1.) Short ribbon with wide magnets (ex: Cascade Fathead and Gomez Michael Joly Edition, Nady RSM-4 & RSM-5 etc.),
2.) Long ribbon with narrow magnets (Apex 205, Nady RSM-2, ShinyBox 46, Cascade Vin-Jet etc.) and
3.) Dual ribbon (CAD Trion 7000, Avant CR14).

A full rundown of the various attributes of these ribbon motor types can be found in this thread. But to summarize:

1.) Short ribbon with wide magnets - has an early HF roll-off making it ideal for taming guitar cabs, screechy vocalists, cymbals and horns.

2.) Long ribbon w narrow magnets - has the most extended HF response of the three "Chinese" ribbon mic types. A more "Hi-Fi" sound not as dark as above.

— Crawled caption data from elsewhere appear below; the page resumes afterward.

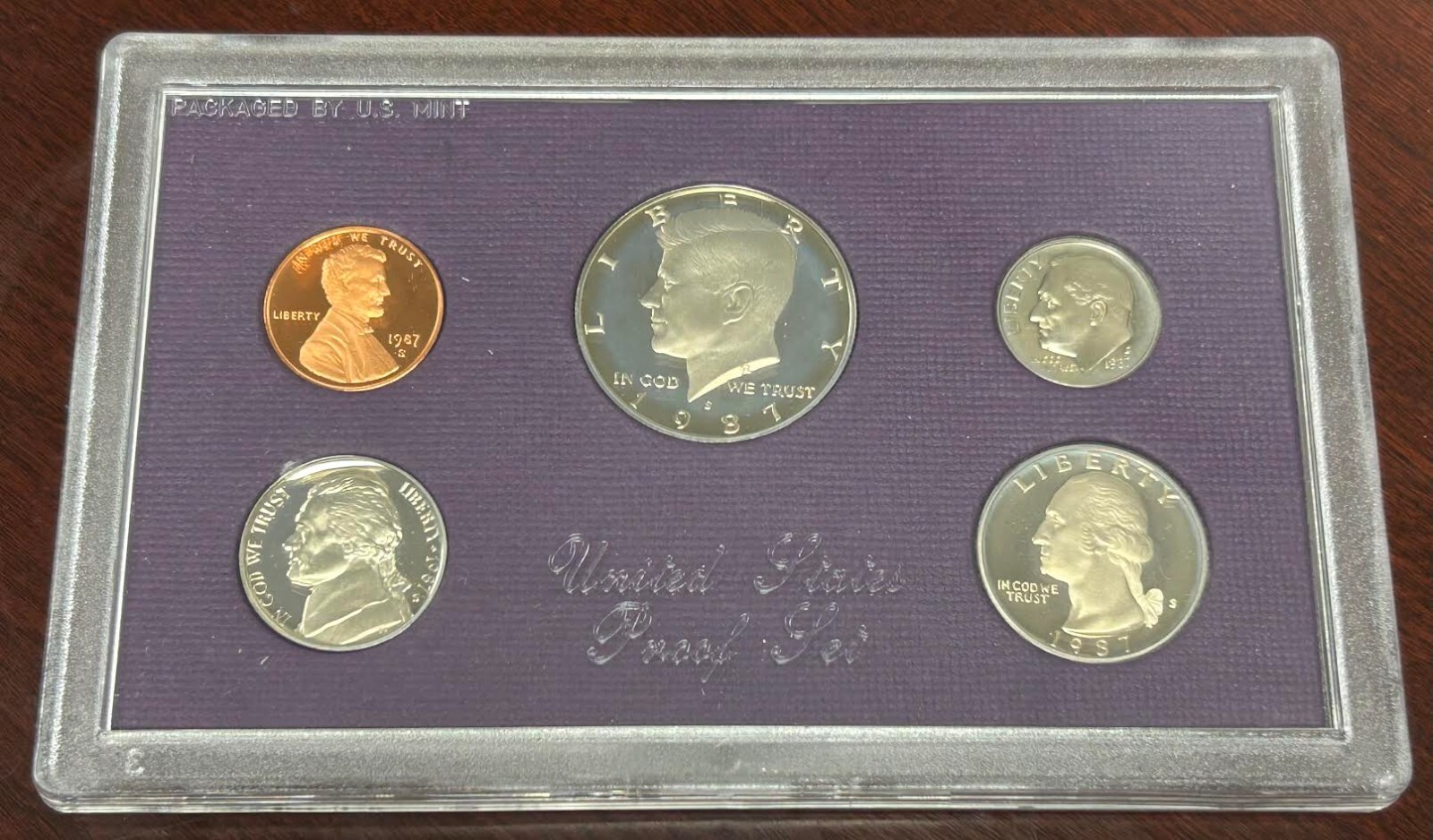 1987-S US Mint Proof Set 5 Coin Set OGP COA Original Government Packaging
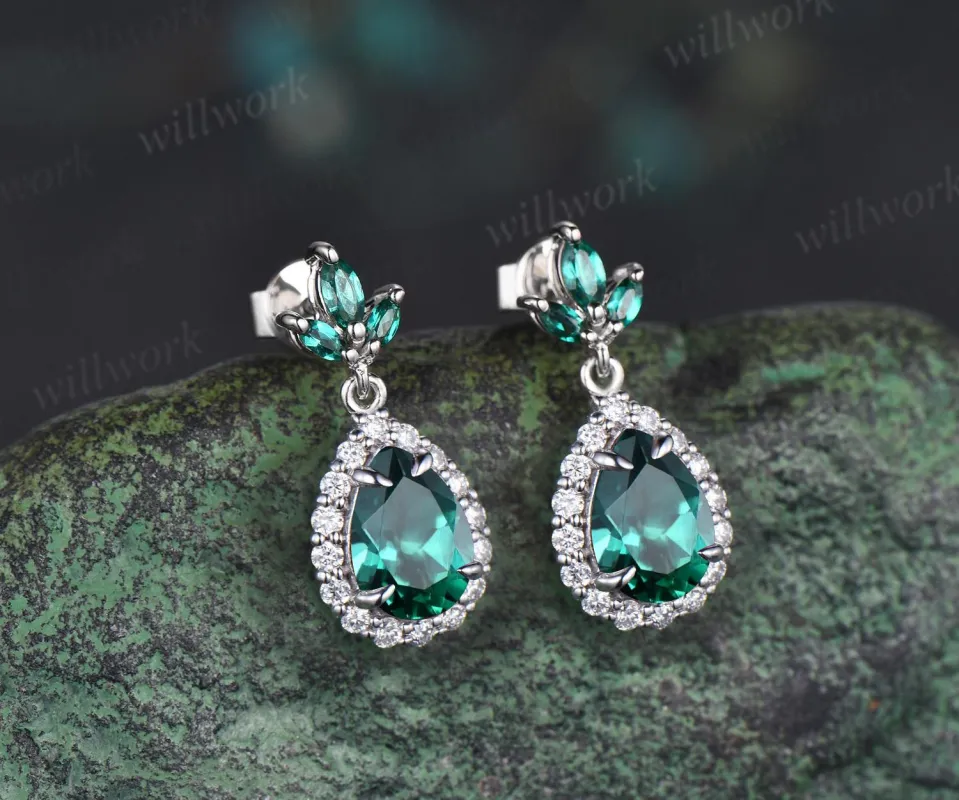 Pear teardrop cut green emerald earrings solid 14k white gold vintage leaf marquise emerald drop earrings women anniversary gift jewelry sold by Willwork Jewelry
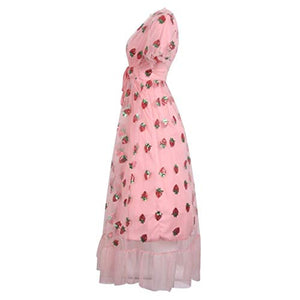 See why the Strawberry Print Mesh Yarn Pleated Dress is blowing up on TikTok.   #TikTokMadeMeBuyIt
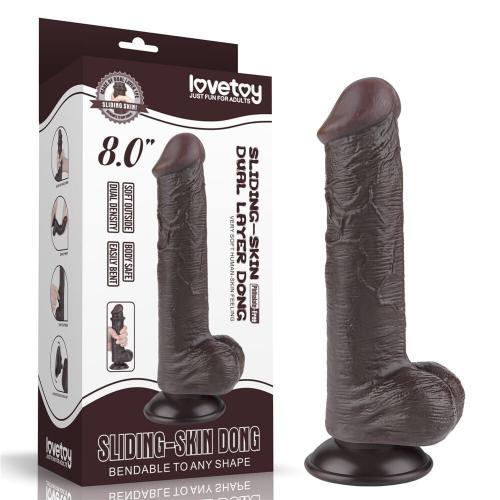 Ρεαλιστικό Dildo με Βεντούζα 20cm - Sliding Skin Dual Layer Dong Black III - Image 11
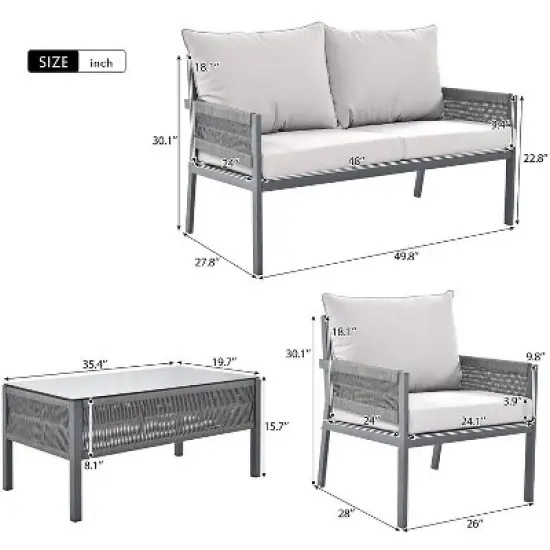 Syemin Patio Seating Sets, Sophisticated Seating Set, Add Elegance Outdoor Space, Perfect for Leisurely Garden Retreats, Gray, 48"*27.8"*30.1" image {3}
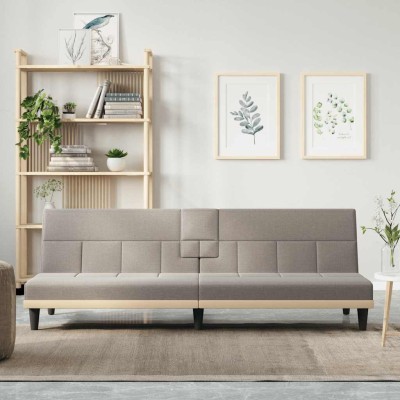 Sofá cama con portavasos tela gris taupé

3.) Dual Ribbon - increased sensitivity over the other two types, a bit "thicker" bottom end due to the dual resonant ribbon frequencies (which are never exactly the same), but suffers from off-axis phase cancelation coloration due to source-to-ribbon arrival time differences between ribbons.

Can you tension a ribbon yourself? Sure. Buy two mics, learn on the first, when you break the ribbon you will have learned something about ribbon mics than can only be gained by actually handling them - then apply it to the second mic.